L’ONG Oxfam dénonce, dans un récent rapport, la perpétuation de pratiques injustes envers les pays africains producteurs de minerais essentiels à la transition énergétique.

« Aujourd’hui, la transition s’accompagne d’un risque de reproduction des modèles d’extractivisme et d’exploitation, et ce sont les personnes les plus marginalisées qui en paient le plus lourd tribut tandis que les élites en tirent les bénéfices ».

Inquiétant constat que celui dressé par Oxfam à propos de la transition énergétique mondiale. Dans un rapport publié fin septembre et intitulé « Unjust Transition: Reclaiming the Energy Future from Climate Colonialism » (Reprendre en main l’avenir énergétique face au colonialisme climatique), l’ONG pointe un processus qui tend pour l’heure à favoriser les inégalités qu’il est pourtant censé combattre.

« Nous voyons les inégalités climatiques à l’œuvre : une transition qui se borne au remplacement des combustibles fossiles par des alternatives vertes, sans remettre en question la surconsommation énergétique des plus riches et tout en laissant bien souvent les communautés à faibles revenus en supporter les coûts les plus élevés », écrit le rapport, dressant un schéma qui lèse systématiquement les plus démunis.

L’Afrique, réservoir de richesses, privée de bénéfices

Le rapport publié en amont de la COP30 prévue en novembre au Brésil met en lumière une réalité aussi cruelle qu’absurde : les pays du Sud concentrent environ 70% des réserves mondiales de minéraux critiques nécessaires à la transition énergétique, mais n’en tirent que des miettes.

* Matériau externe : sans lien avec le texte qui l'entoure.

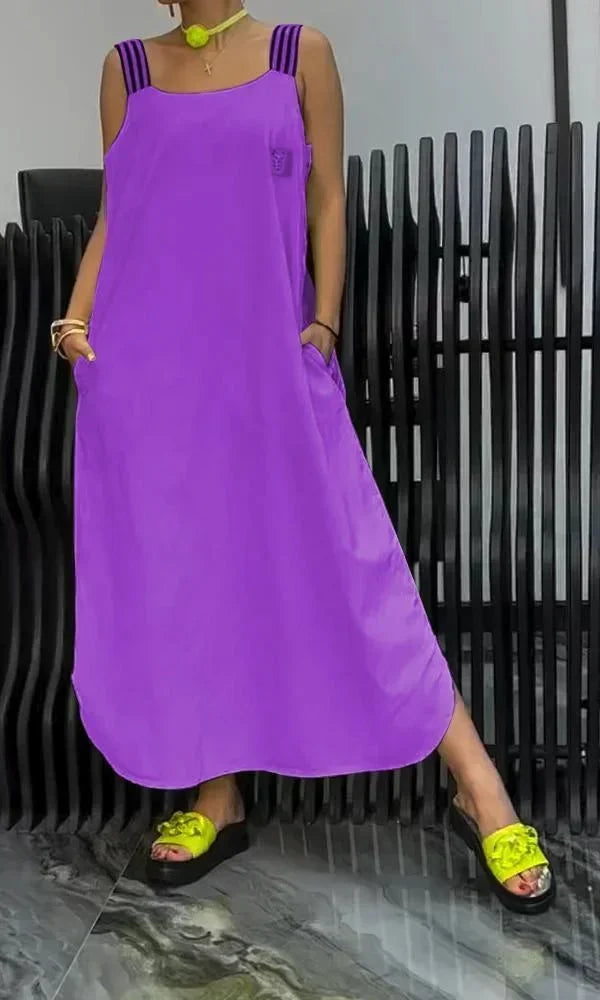 Women's Maxi dress with wide straps and pockets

« La RDC va fournir plus de 70% du cobalt mondial indispensable aux batteries qu’on utilise notamment dans les véhicules électriques. Mais la République démocratique du Congo ne va capter que 14% de la chaîne de valeur de ce qu’elle produit », témoigne Selma Huart, chargée de plaidoyer à Oxfam, citée par RFI.

« Pour chaque véhicule, la RDC reçoit moins de 10 dollars de redevances. Une personne qui travaille dans les mines touche à peine 7 dollars par jour, ce qui signifie qu’il lui faudrait près de deux ans pour gagner ce que Tesla tire d’une seule voiture », poursuit encore le document.

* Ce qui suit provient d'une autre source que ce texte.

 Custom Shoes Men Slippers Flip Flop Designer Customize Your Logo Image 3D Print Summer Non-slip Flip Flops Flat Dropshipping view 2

Un appel pressant à changer de cap

Cette captation des profits s’accompagne de dommages environnementaux et humains considérables. Dans les régions minières comme Kolwezi, les communautés locales subissent la pollution des cours d’eau, la destruction des terres agricoles et des problèmes de santé liés à l’exposition aux métaux lourds.

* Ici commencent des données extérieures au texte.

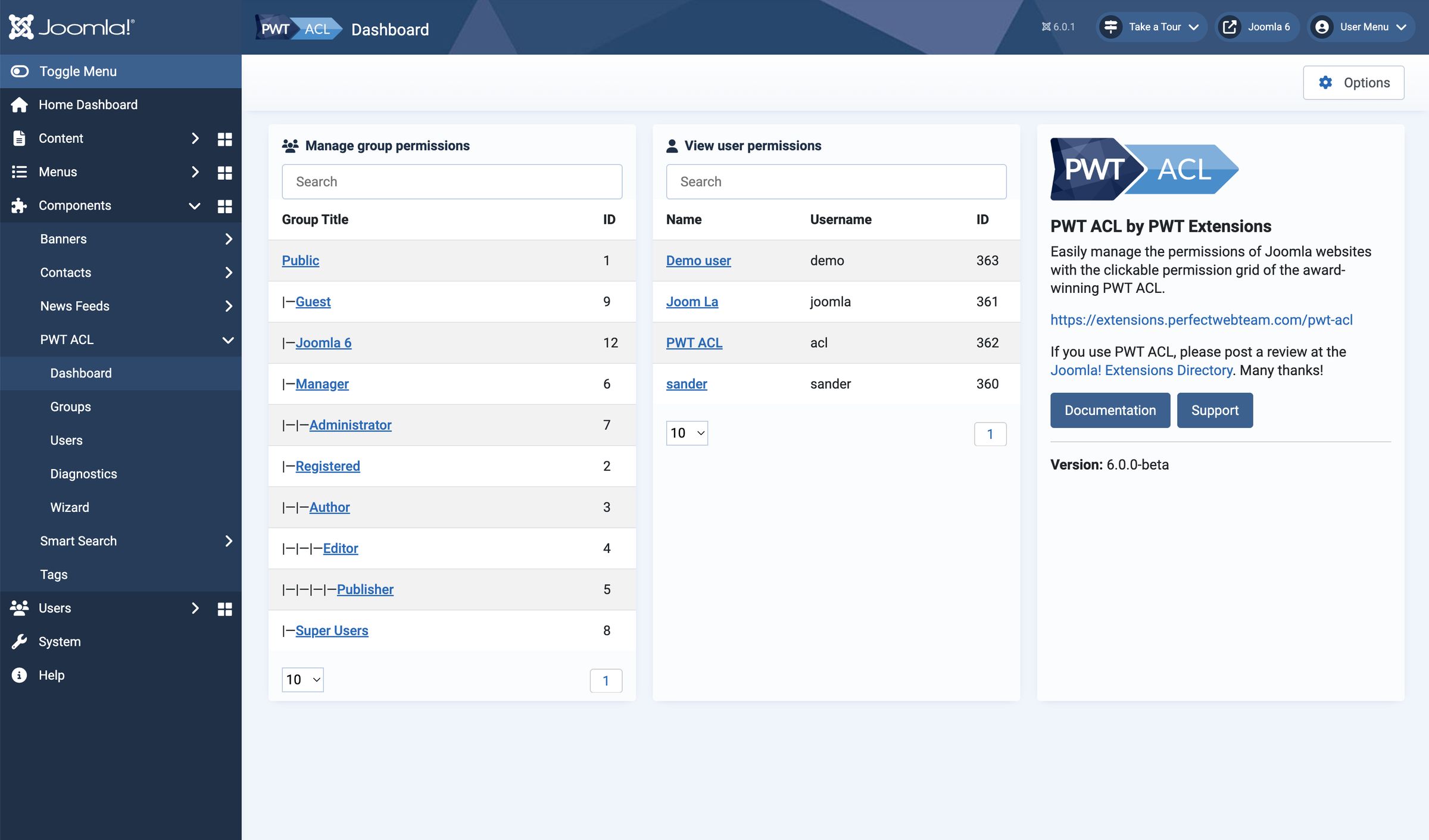 Pwt acl j6 dashboard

Au-delà de l’exploitation des ressources, le rapport d’Oxfam pointe un autre scandale : la surconsommation des plus fortunés. D’après l’ONG, le 1% le plus riche de la population mondiale consomme une quantité d’énergie si démesurée qu’elle pourrait répondre sept fois aux besoins énergétiques fondamentaux de toutes les personnes actuellement privées d’électricité dans le monde.

Oxfam plaide ainsi pour une « transition énergétique décolonilisée», c’est-à-dire décentralisée, juste et bénéficiant réellement aux populations des pays du Sud. Concrètement, cela implique que les pays africains transforment leurs minerais sur place plutôt que de les exporter bruts, qu’ils développent leurs propres industries d’énergies renouvelables, et qu’ils bénéficient d’un transfert de technologies et de financements équitables de la part des pays riches.